Work task :: Your copy of the entries below should hold exactly the lines from the one containing "Two handsome men" to the one containing "Garota de fitness", inclusive, and no pictures.

╭─ Exercise data

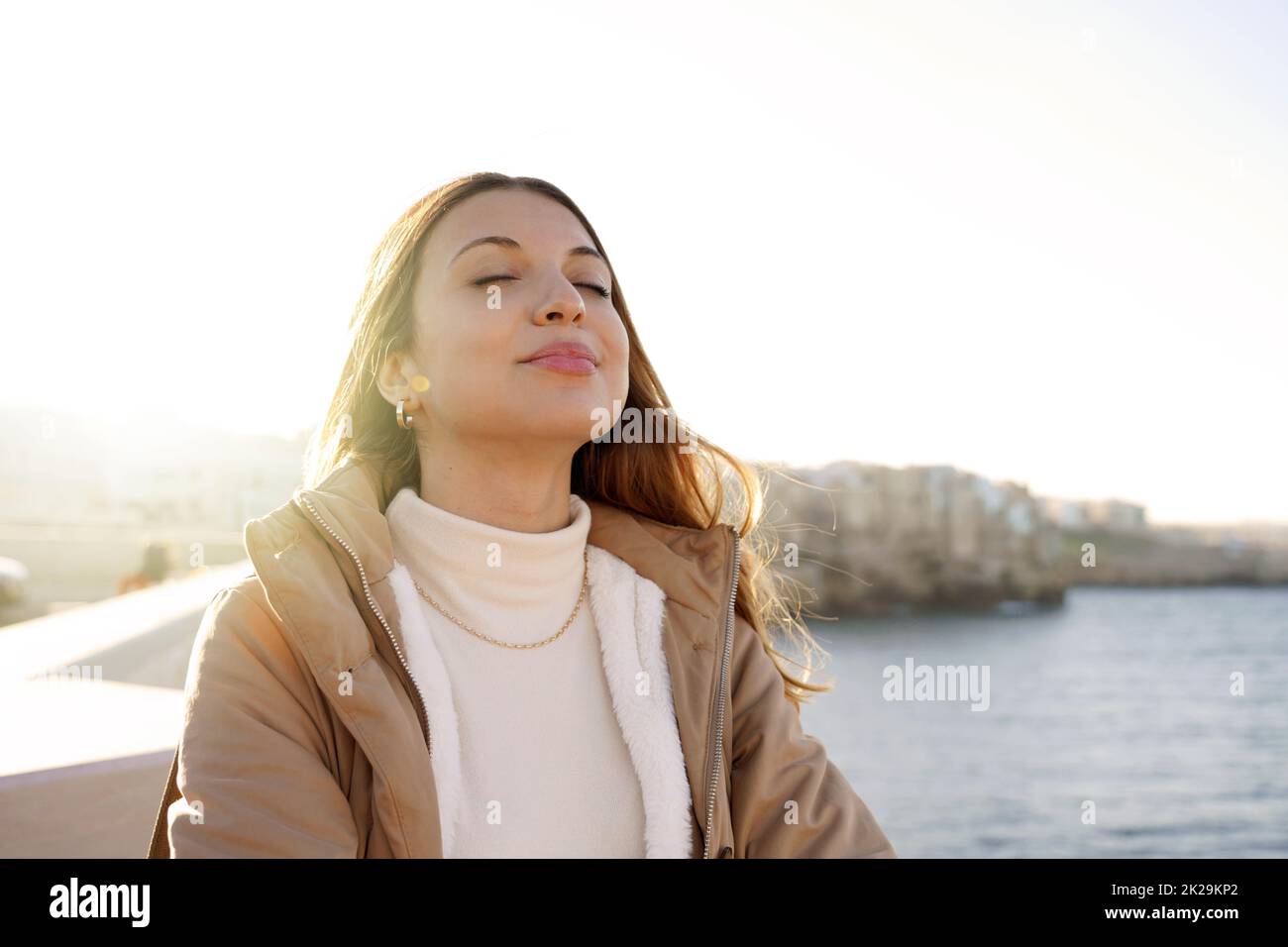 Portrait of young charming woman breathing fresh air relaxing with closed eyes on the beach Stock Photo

╰─
╭─ Exercise data

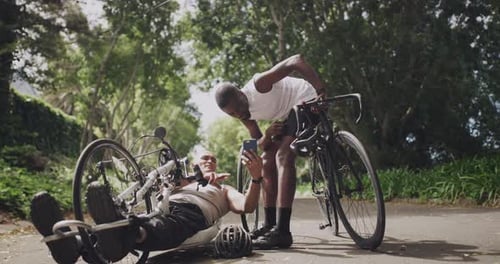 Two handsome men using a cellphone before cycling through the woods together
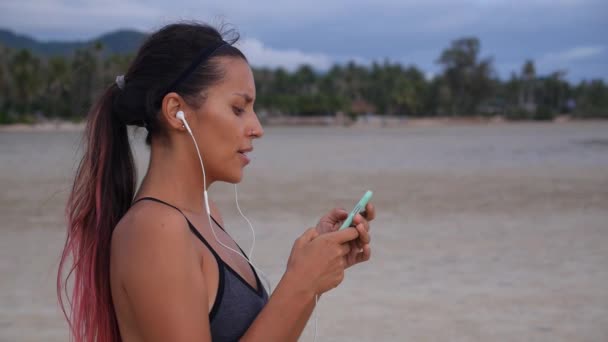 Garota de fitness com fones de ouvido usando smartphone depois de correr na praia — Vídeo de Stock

╰─

The completed task ::
 Two handsome men using a cellphone before cycling through the woods together
 Garota de fitness com fones de ouvido usando smartphone depois de correr na praia — Vídeo de Stock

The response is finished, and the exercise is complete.